“Not always,” replied Jack knocking him down. “Take that for your insolence, pack up your traps, and walk out of the house to-morrow morning.”
Mesty in the meantime, had seized the other by the throat.
“What I do with this fellow, Massa Easy?”
“Leave him now, Mesty; we’ll settle their account to-morrow morning. I presume I shall find my father in the library.”
“His father!” said one of the men to the other; “he’s not exactly a chip of the old block.”
“We shall have a change, I expect,” replied the other, as they walked away.
“Mesty,” cried Jack, in an authoritative tone, “bring those two rascals back to take the luggage out of the chaise; pay the postilion, and tell the housekeeper to show you my room and yours. Come to me for orders as soon as you have done this.”
“Yes, sir,” replied Mesty. “Now come here, you damn blackguard, and take tings out of chaise, or by de holy poker I choke your luff, both of you.”
The filed teeth, the savage look, and determination of Mesty, had the due effect. The men sullenly returned and unloaded the chaise. In the meantime, Jack walked into his father’s study; his father was there—the study was lighted up with argand lamps, and Jack looked with astonishment. Mr Easy was busy with a plaster cast of a human head, which he pored over, so that he did not perceive the entrance of his son. The cast of the skull was divided into many compartments, with writing on each; but what most astonished our hero was the alteration in the apartment. The book-cases and books had all been removed, and in the centre, suspended from the ceiling, was an apparatus which would have puzzled any one, composed of rods in every direction, with screws at the end of them, and also tubes in equal number, one of which communicated with a large air-pump, which stood on a table. Jack took a short survey, and then walked up to his father and accosted him.

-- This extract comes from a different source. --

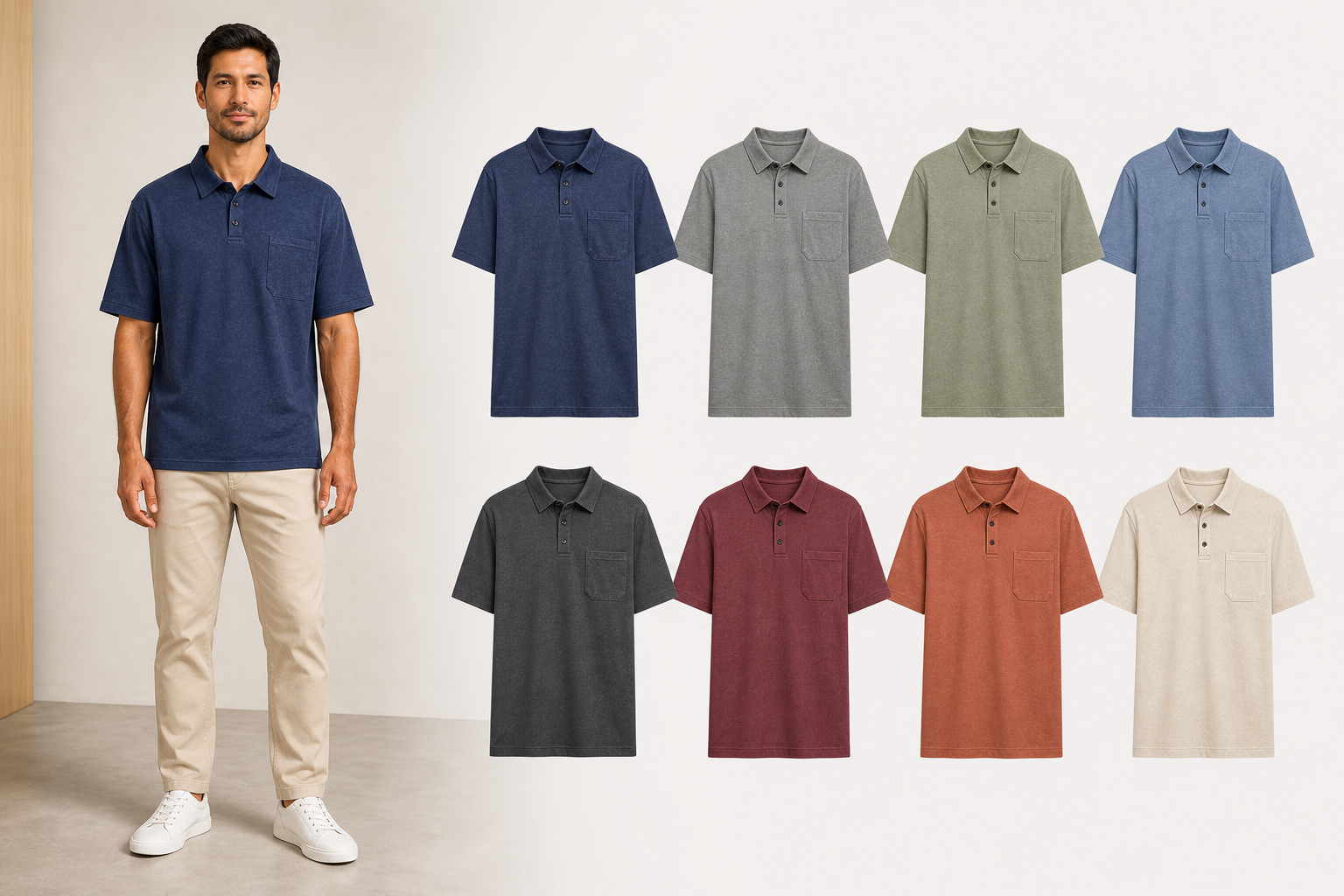 Men's washed pocket polo mixed eight pack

“What!” exclaimed Mr Easy, “is it possible?—yes, it is my son John! I’m glad to see you, John—very glad indeed,” continued the old gentleman, shaking him by both hands—“very glad that you have come home: I wanted you—wanted your assistance in my great and glorious project, which, I thank Heaven, is now advancing rapidly. Very soon shall equality and the rights of man be proclaimed everywhere. The pressure from without is enormous, and the bulwarks of our ridiculous and tyrannical constitution must give way. King, lords, and aristocrats; landholders, tithe-collectors, church and state, thank God, will soon be overthrown, and the golden age revived—the millennium, the true millennium—not what your poor mother talked about. I am at the head of twenty-nine societies, and if my health lasts, you will see what I will accomplish now that I have your assistance, Jack;” and Mr Easy’s eyes sparkled and flashed in all the brilliancy of incipient insanity.